Although FLAN-T5 was prompted to generate more granular output labels such as “Technical Log,” “Technical Spam,” and “Technical Newsletter” to enable qualitative inspection and contextual differentiation, these extended categories were produced directly through the instruction prompt, which explicitly allowed the model to generate one of several predefined descriptive labels. The quantitative evaluation, however, was intentionally restricted to a strictly binary formulation. Only the primary “Technical” output was treated as the positive class. All other generated labels—including subcategories and “Unidentified”—were mapped to the Nontechnical class for metric computation. This conservative mapping preserves a clear operational definition of infrastructure-relevant content and ensures consistency in performance evaluation. Consequently, all reported performance metrics correspond to a two-class classification problem (Technical vs. Nontechnical).
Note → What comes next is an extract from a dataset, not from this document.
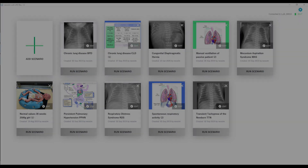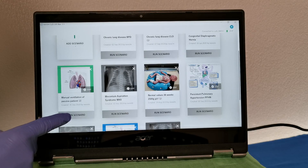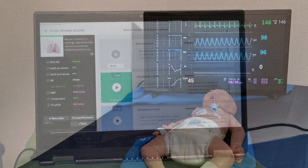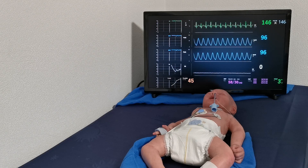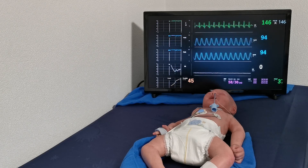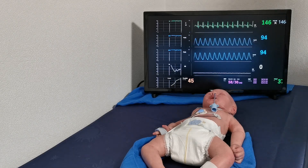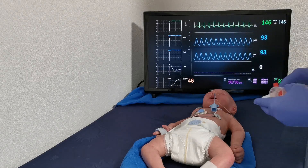Let's look at an example: sudden apnea. The trainer simply clicks on the run scenario button to initiate apnea and the software sends the scenario wirelessly to LUCI, which stops breathing. You can see that there is no chest movement anymore and the vitals start to drop.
A total of 245,086 preprocessed e-mails were classified using FLAN-T5-Large within the Google Colab environment, leveraging an NVIDIA T4 GPU. The implementation was carried out using the Hugging Face Transformers library to ensure transparency and reproducibility. Input sequences were standardized to a fixed length of 512 tokens (approximately 3000 characters) through truncation or padding, maintaining consistent input structure. To mitigate truncation bias, longer messages were processed using a structured policy that preserved complete subject lines, boundary sentences, and domain-relevant expressions such as “server,” “port,” or “version.” This approach ensured that key technical information remained intact within the model’s context window.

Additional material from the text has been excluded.